Plug-In Hybrid Electric Vehicle Battery Selection for Optimum Economic and Environmental Benefits Using Pareto Set Points and PSAT™

Abstract

Plug-in hybrid electric vehicles (PHEVs) have the potential to reduce green house gases emissions and provide a promising alternative to conventional internal combustion engine vehicles. However, PHEVs have not been widely adopted in comparison to the conventional vehicles due to their high costs and short charging intervals. Since PHEVs rely on large storage batteries relative to the conventional vehicles, the characteristics and design issues associated with PHEV batteries play an important role in the potential adoption of PHEVs.

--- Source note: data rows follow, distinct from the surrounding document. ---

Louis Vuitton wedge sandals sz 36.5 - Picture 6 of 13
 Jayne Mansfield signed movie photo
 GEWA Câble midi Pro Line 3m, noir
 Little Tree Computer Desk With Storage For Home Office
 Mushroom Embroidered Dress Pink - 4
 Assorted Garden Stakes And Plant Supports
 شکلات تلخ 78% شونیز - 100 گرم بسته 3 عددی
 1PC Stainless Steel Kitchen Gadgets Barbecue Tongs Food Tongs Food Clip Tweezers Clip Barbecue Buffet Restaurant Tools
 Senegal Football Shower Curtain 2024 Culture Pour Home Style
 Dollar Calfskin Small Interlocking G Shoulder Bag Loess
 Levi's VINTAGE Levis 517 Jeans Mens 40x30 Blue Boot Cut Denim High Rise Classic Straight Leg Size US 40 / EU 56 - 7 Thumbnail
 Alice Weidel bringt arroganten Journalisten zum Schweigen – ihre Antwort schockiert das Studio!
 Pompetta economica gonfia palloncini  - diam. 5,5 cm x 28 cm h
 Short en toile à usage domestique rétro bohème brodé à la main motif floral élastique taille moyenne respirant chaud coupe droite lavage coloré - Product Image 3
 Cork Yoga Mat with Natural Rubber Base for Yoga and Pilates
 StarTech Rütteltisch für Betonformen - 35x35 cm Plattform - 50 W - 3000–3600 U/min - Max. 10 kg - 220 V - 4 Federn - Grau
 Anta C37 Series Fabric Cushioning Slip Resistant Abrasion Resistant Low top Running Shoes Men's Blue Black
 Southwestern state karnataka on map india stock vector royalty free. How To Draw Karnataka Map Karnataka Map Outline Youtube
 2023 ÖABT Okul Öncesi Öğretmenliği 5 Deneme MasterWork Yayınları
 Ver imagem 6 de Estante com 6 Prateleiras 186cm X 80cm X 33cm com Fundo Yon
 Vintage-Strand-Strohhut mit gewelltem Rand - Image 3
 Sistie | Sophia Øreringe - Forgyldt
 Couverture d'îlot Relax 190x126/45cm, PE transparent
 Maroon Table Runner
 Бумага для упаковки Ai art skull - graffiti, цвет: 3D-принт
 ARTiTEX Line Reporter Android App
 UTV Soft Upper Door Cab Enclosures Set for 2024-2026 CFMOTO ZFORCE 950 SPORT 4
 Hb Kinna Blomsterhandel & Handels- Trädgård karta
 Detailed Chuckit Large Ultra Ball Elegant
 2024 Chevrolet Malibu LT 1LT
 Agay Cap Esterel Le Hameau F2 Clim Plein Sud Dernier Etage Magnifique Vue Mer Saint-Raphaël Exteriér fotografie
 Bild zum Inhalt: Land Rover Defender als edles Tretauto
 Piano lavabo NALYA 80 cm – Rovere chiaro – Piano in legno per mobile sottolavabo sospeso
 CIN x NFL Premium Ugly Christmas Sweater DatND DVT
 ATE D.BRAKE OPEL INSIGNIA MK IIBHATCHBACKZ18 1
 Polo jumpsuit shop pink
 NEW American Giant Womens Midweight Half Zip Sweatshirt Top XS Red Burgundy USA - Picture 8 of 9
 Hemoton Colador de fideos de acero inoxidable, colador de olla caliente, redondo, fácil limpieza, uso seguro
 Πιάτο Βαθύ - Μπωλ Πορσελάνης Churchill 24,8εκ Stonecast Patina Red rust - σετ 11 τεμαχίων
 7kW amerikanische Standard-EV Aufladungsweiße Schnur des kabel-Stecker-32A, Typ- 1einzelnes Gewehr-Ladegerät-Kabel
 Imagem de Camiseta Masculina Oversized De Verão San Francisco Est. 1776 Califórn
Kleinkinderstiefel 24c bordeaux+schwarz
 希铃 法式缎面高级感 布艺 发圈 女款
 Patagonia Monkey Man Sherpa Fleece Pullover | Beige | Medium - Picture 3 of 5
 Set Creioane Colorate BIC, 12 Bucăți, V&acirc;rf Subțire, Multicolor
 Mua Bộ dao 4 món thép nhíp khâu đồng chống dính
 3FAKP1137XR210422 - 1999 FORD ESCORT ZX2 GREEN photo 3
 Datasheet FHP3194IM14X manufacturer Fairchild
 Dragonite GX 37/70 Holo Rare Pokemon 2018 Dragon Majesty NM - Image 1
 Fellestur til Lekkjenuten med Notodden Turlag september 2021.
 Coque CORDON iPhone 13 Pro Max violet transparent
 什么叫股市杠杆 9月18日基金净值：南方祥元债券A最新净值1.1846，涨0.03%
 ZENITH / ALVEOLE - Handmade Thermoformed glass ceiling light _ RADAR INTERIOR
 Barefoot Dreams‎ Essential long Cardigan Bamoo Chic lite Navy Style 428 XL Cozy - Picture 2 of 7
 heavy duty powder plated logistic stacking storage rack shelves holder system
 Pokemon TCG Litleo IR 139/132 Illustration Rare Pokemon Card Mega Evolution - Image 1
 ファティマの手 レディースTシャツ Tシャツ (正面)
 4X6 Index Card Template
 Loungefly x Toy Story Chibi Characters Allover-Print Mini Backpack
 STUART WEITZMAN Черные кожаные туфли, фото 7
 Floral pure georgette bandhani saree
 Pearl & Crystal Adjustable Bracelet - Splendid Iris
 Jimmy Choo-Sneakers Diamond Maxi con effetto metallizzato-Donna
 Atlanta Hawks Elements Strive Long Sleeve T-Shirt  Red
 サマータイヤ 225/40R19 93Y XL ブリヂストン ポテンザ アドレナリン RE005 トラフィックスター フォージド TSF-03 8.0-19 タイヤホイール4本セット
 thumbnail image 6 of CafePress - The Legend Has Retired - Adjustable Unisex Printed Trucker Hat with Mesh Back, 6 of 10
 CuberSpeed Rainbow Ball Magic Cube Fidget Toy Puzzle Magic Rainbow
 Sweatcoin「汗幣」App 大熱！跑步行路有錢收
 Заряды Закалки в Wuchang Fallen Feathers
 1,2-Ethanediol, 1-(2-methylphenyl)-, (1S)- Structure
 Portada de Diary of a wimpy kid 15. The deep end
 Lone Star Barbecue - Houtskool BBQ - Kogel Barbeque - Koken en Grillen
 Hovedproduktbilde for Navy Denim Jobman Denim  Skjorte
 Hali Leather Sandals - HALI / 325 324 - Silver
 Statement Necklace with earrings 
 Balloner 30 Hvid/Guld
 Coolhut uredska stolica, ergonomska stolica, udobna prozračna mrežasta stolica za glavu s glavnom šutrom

Consumer acceptance and adoption of PHEVs mainly depends on fuel economy, operating cost, operation green house gas (GHG) emissions, power and performance, and safety among other characteristics. We compare the operational performance of PHEV20 (PHEV version sized for 20 miles of all electric range) based on fuel economy, operating cost, and greenhouse gas (GHG) emissions through Pareto set point identification approach for 15 different types of batteries, including lithium-ion, nickel metal hydride (NiMH), nickel zinc (NiZn), and lead acid batteries. It is found that two from 15 batteries dominate the rest. Among the two, a NiMH (type ess_nimh_90_72_ovonic) gives the highest fuel economy, and a lithium-ion (type ess_li_7_303) yields the lowest operating cost and GHG emissions. From comparing nine batteries that are either on or close to the Pareto frontier, one can see that lithium-ion and NiMH batteries offer better fuel economy than lead-acid batteries. Though lithium-ion batteries bear clear advantage on operating costs and GHG emissions, NiMH and lead-acid batteries show similar performances from these two aspects.